The third GPU, the GV100, is based on the Volta architecture, and while somewhat slower at single precision (FP32) is significantly faster at double precision (FP64) and so may be a better choice for some workloads.
The GPU Accelerator is the most important component in a Data Science Workstation as it is the main driver for rapid processing and accuracy in your model development and training. We recommend enterprise-grade NVIDIA Quadro GPU accelerators, as unlike consumer graphics cards, as they are designed and built for sustained use and so provide maximum reliability. The latest Turing-architecture Quadro GPUs include Tensor cores which are specifically designed to accelerate workloads, while the NVLink bus allows the VRAM on multiple GPUs to appear as a single ultra-fast memory pool to your applications.
The following table highlights the key specifications of the three Quadros GPU we recommend in our Data Science Workstations.
|NVIDIA Quadro RTX 6000||NVIDIA Quadro RTX 8000||NVIDIA Quadro GV100|
|Memory||24GB GDDR6||48GB GDDR6||32GB HBM2|
We recommend and pre-install the Ubuntu 18.04 operating system plus a custom software stack built on NVIDIA CUDA-X that includes over 15 GPU-optimised libraries. Other operating systems are available on request.
The host processor or CPU plays an important role in a Data Science Workstation in the data prep stage. We recommend enterprise-grade Intel Xeon processors in our systems as they support ECC Registered memory for maximum reliability. Our single-GPU workstations include a single Xeon-W CPU, which are available with up to 18 cores / 36 threads. Our dual-GPU workstations are powered by a pair of Xeon Scalable processors with a total of up to 48 cores / 96 threads.
While having sufficient VRAM on the GPU accelerator is critically important, system performance will be crippled without adequate optimised system memory. As already mentioned our Data Science Workstations feature ECC Registered memory. ECC stands for Error Correcting Code, and means that the memory can detect and fix data corruption on the fly. We recommend 128GB of quad-channel RAM in our single-GPU workstations and 192GB of six-channel RAM for our dual-GPU workstations, although both types of system can support more memory should this be required.
There’s no point in having the fastest and most powerful GPU accelerators, CPUs and system memory if they are starved for data. We recommend the latest high performance NVMe SSDs in our Data Science Workstations, which with a typical read speed of over 3000MB/sec are approximately 500% faster than a SATA SSD and 1900% faster than a traditional HDD. That said, we recognise that you may need to store old projects and documents on your workstation, and an HDD is ideal for this use as they are very cost effective.
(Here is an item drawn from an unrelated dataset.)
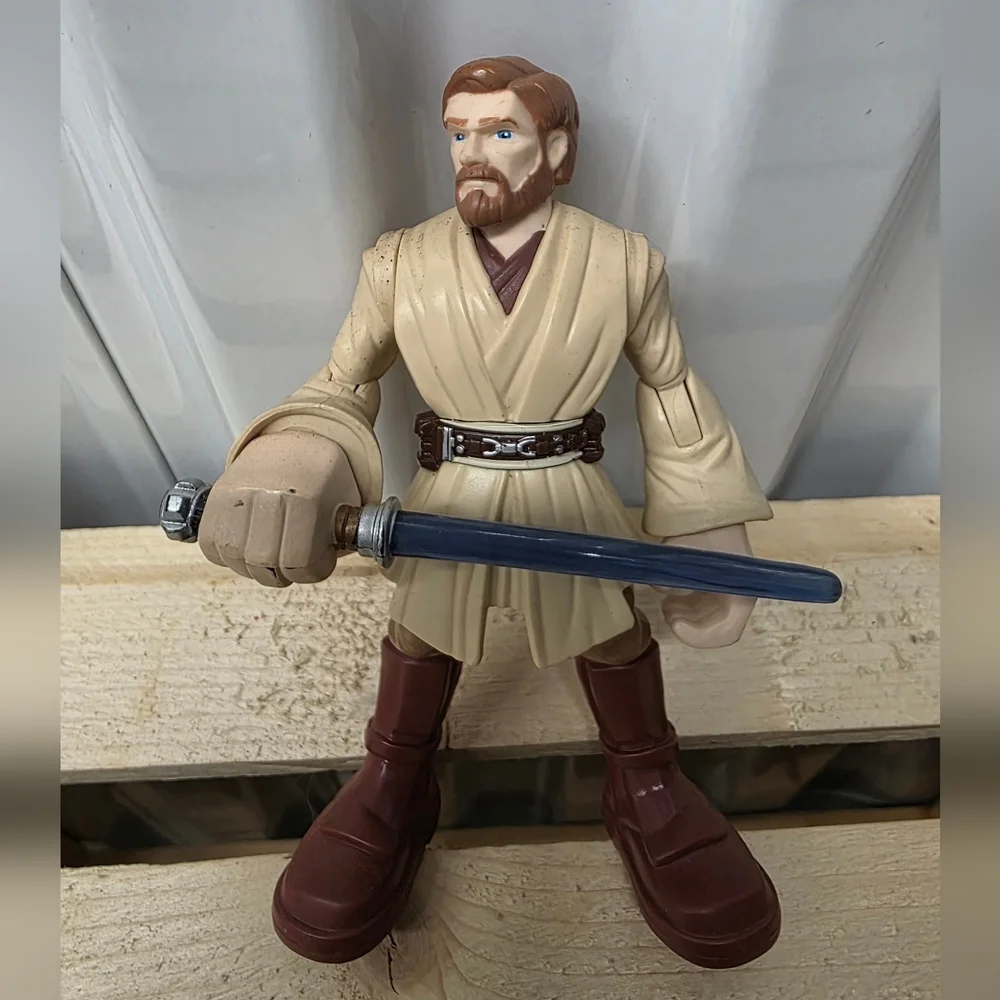 Hasbro Beige and Brown Action Figure with Blue Lightsaber - Picture 2 of 5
Moving data between different systems can be a time consuming process, so to make the most of the fast data processing capabilities we pre-install 10GbE NICs in our Data Science Workstations. 10GbE has the added advantage of being compatible with twisted-pair copper CAT 6/6a or CAT7 cabling with RJ45 connectors, so in most offices you won’t need to install new cabling, just a new switch. Scan is a partner with Intel and Mellanox, and can provide faster NICs such as 25/50/100GbE on request.
Cooling and Power
GPU accelerators consume a lot of power so Scan’s Data Science Workstations are equipped with high-quality 80PLUS Gold power supplies, ensuring a reliable and efficient power source for the system. In addition, the cooling system of each workstation is optimised to ensure consistent results each and every time.
Which Data Science Workstation is right for me?
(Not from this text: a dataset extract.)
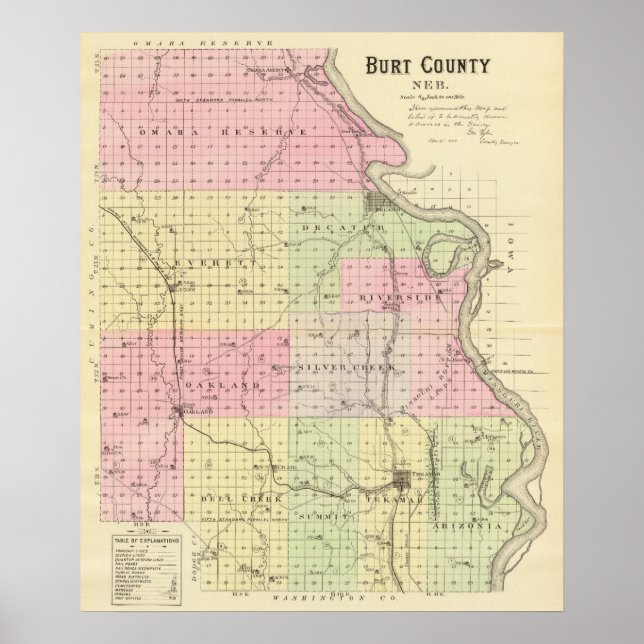 Póster Condado de Burt, Nebraska (Frente)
Pre-configured Data Science WorkstationsWe have designed and built a range of pre-configured and ready to ship Data Science Workstations. Each systems has been optimised to provide the best possible performance in deep learning and machine learning workflows at different price points.
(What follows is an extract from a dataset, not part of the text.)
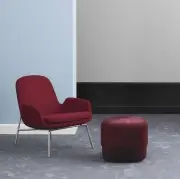 Fotel obrotowy Era niski brązowy skórzany Normann Copenhagen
3XS Data Science Workstations
How fast are Scan’s Data Science Workstations for deep learning?
We have benchmarked our pre-configured Data Science Workstations in two of the most popular frameworks, Tensorflow and PyTorch, so you can compare the performance of the workstations against each other.
The results from benchmarking Tensorflow, which are displayed as the rate of images per second, and PyTorch, which are displayed as the rate of Toks per second, clearly show the massive speed advantage the dual-GPU workstations (Q280X, Q264X, Q248X) have over the single-GPU workstations (Q136X, Q120X, Q116X).
A word of caution interpreting the results. You would expect the training rate for the workstations with the RTX 8000 GPUs to be faster than the workstations with the RTX 6000 GPUs. The reason this is not the case in the graphs is that the data we’re using isn’t large enough to take advantage of the extra VRAM the RTX 8000 has compared to the RTX 6000. And because the RTX 8000 runs at a slightly slower clock speed than the RTX 6000, the end result is a slightly slower training rate with a small data sets. However, if you are working with a larger data set the RTX 8000 would be much faster than the RTX 6000 as it has double the VRAM.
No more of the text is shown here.